■ **Dataset extract**
####################

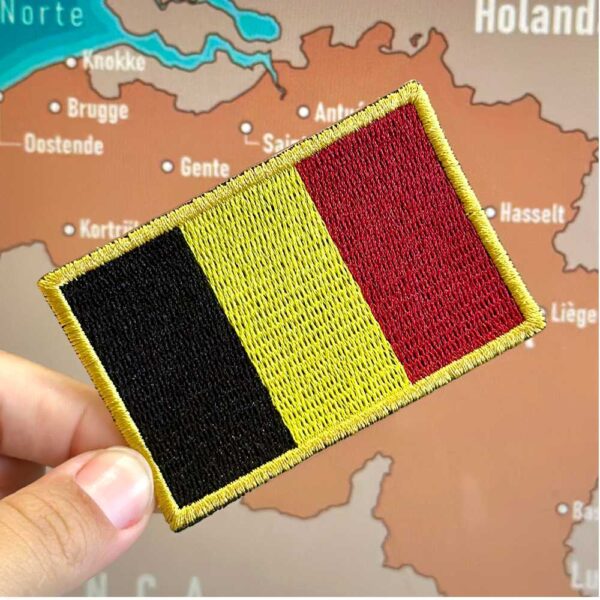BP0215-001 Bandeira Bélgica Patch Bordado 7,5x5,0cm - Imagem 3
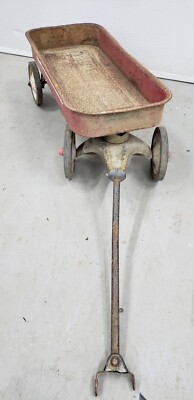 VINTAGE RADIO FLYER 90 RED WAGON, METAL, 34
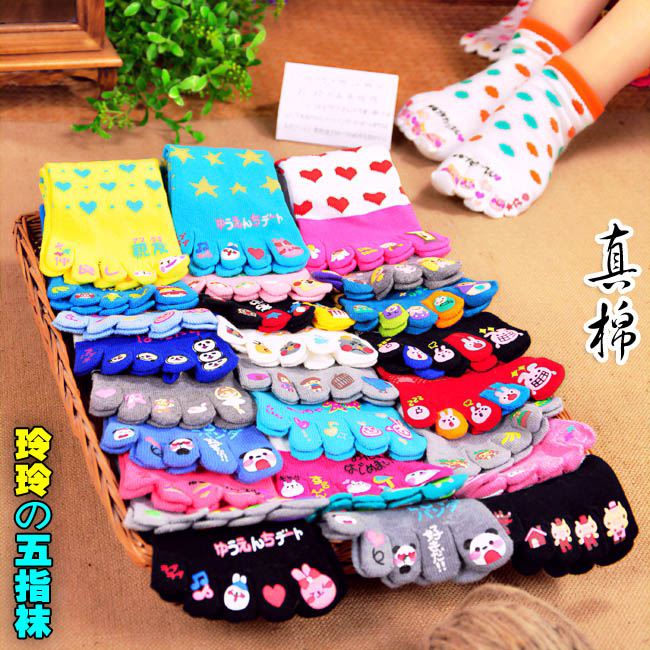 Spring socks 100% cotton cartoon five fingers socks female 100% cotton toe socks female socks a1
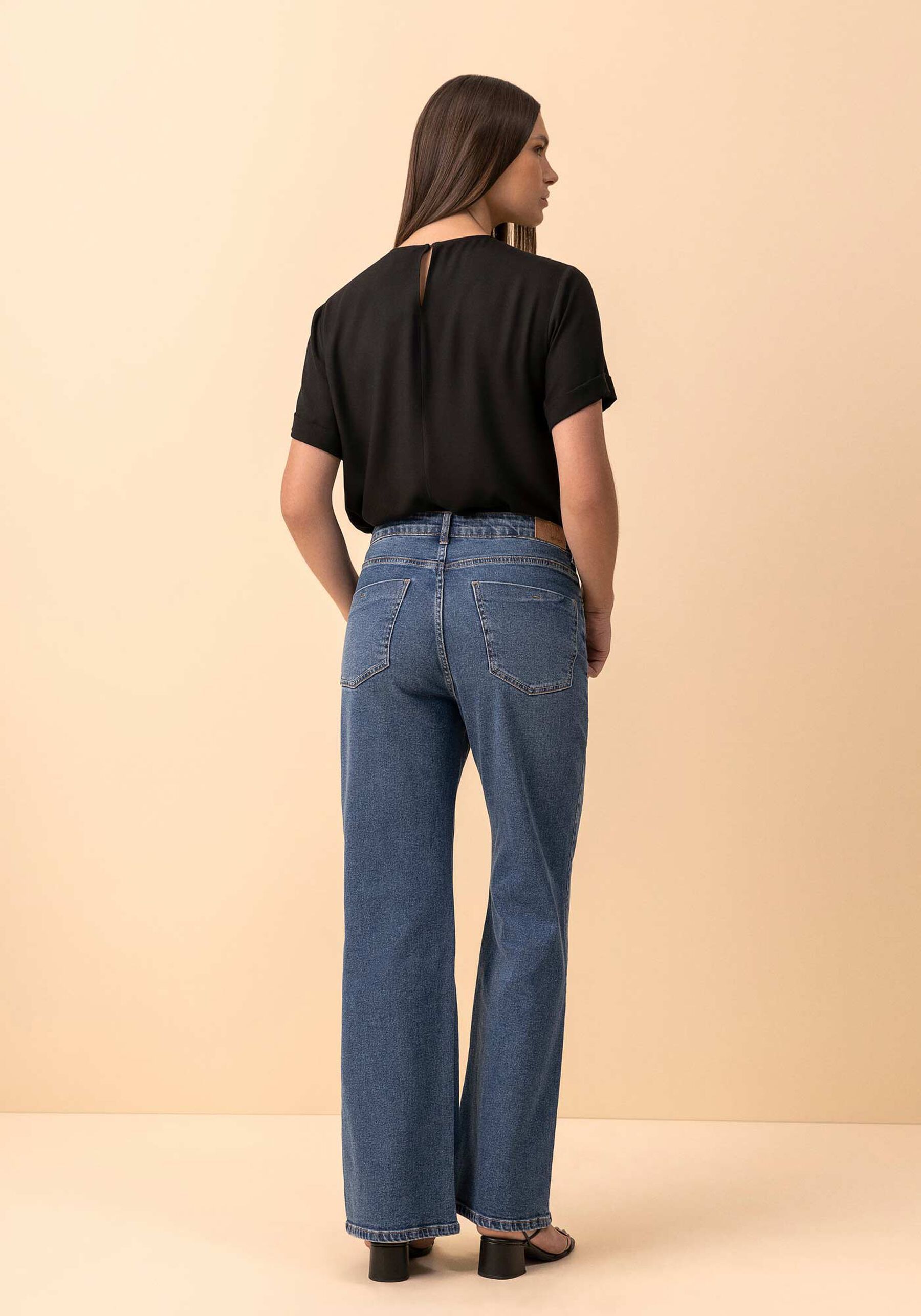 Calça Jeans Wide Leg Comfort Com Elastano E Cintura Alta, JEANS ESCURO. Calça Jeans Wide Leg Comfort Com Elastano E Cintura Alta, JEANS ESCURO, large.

####################

All that is needed is an exact copy of the lines from the line with "Spring socks 100%" through the end of the listing, both ends included, with no pictures.

 Spring socks 100% cotton cartoon five fingers socks female 100% cotton toe socks female socks a1
 Calça Jeans Wide Leg Comfort Com Elastano E Cintura Alta, JEANS ESCURO. Calça Jeans Wide Leg Comfort Com Elastano E Cintura Alta, JEANS ESCURO, large.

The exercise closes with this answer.